Data extract
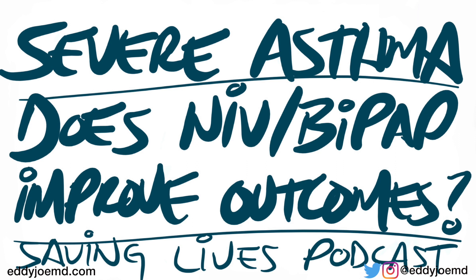When they put all these numbers together, they found that using non-invasive ventilation — what a lot of us call BiPAP — was associated with a lower odds of needing to be intubated. In addition to that, patients also had lower odds of in-hospital mortality. So there are some real benefits to using non-invasive ventilation in these patients.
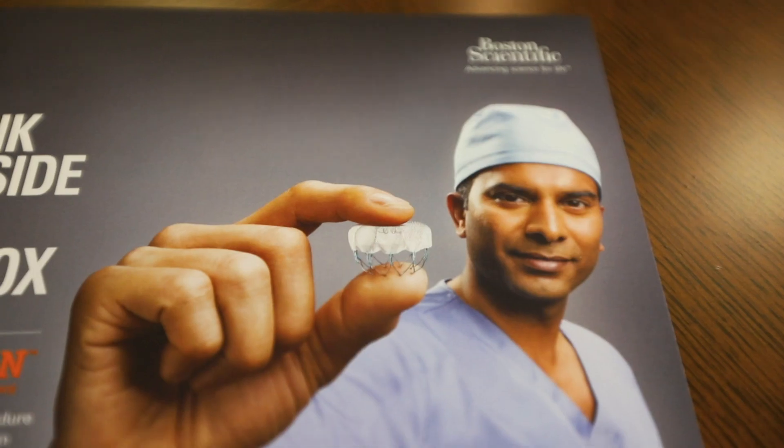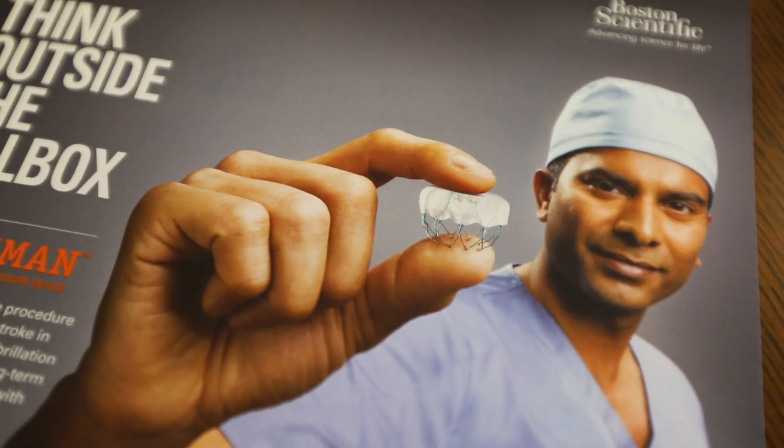The current data shows that over 90% of patients are able to stop blood thinners at 45 days, and by one year, almost 99% of patients are able to come off oral anticoagulation. Watchman allows patients to have more freedom in their diet and lifestyle, and they don't have to come for regular lab work.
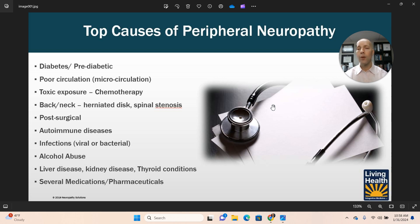Infections — viral, bacterial, even parasitic — can also cause peripheral neuropathy. Infections can directly attack the nerves, and they can trigger inflammation in the body which, once again, can lead to neuropathy.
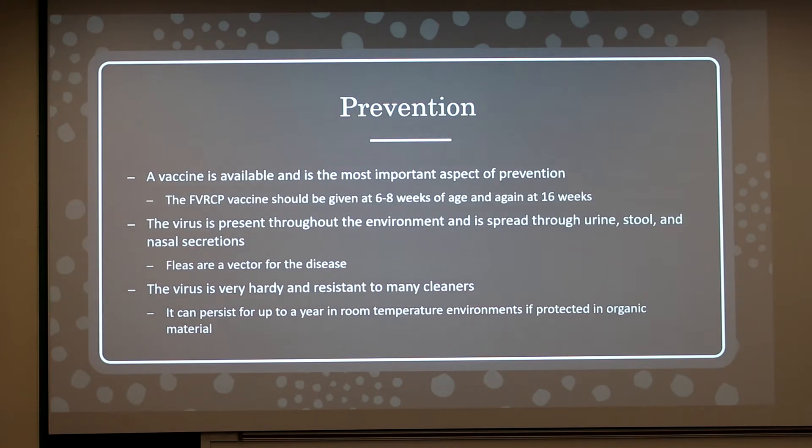The virus is present throughout the environment and is spread through urine, stool, and nasal secretions. Fleas are also known to be a vector for the disease.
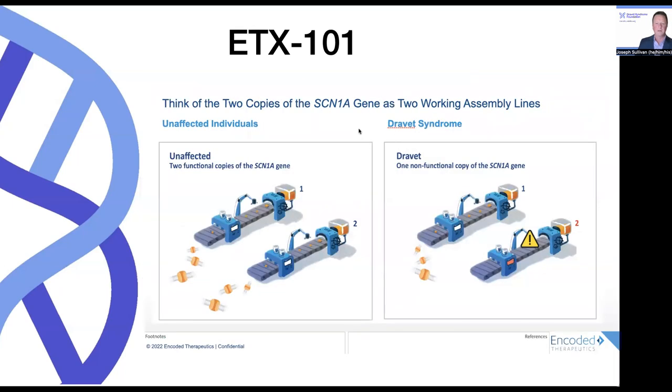One way to show this is kind of an analogy of an assembly line. An unaffected individual has two functional copies of the SCN1A gene, and like in an assembly line, they're churning out widgets — in this cartoon, showing three widgets per assembly line. In Dravet syndrome, however, one of those chromosomes, one of those genes, has a mutation that leads to loss of function. Therefore, that assembly line breaks down and is not producing any widgets — any messenger RNA, or therefore any functional SCN1A protein — whereas the working copy is still putting out its three widgets, and this is how we end up at 50%.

Task to carry out
Would you please transcribe the listing in full, exactly, while omitting the images?

Answer to this exercise
When they put all these numbers together, they found that using non-invasive ventilation — what a lot of us call BiPAP — was associated with a lower odds of needing to be intubated. In addition to that, patients also had lower odds of in-hospital mortality. So there are some real benefits to using non-invasive ventilation in these patients.
The current data shows that over 90% of patients are able to stop blood thinners at 45 days, and by one year, almost 99% of patients are able to come off oral anticoagulation. Watchman allows patients to have more freedom in their diet and lifestyle, and they don't have to come for regular lab work.
Infections — viral, bacterial, even parasitic — can also cause peripheral neuropathy. Infections can directly attack the nerves, and they can trigger inflammation in the body which, once again, can lead to neuropathy.
The virus is present throughout the environment and is spread through urine, stool, and nasal secretions. Fleas are also known to be a vector for the disease.
One way to show this is kind of an analogy of an assembly line. An unaffected individual has two functional copies of the SCN1A gene, and like in an assembly line, they're churning out widgets — in this cartoon, showing three widgets per assembly line. In Dravet syndrome, however, one of those chromosomes, one of those genes, has a mutation that leads to loss of function. Therefore, that assembly line breaks down and is not producing any widgets — any messenger RNA, or therefore any functional SCN1A protein — whereas the working copy is still putting out its three widgets, and this is how we end up at 50%.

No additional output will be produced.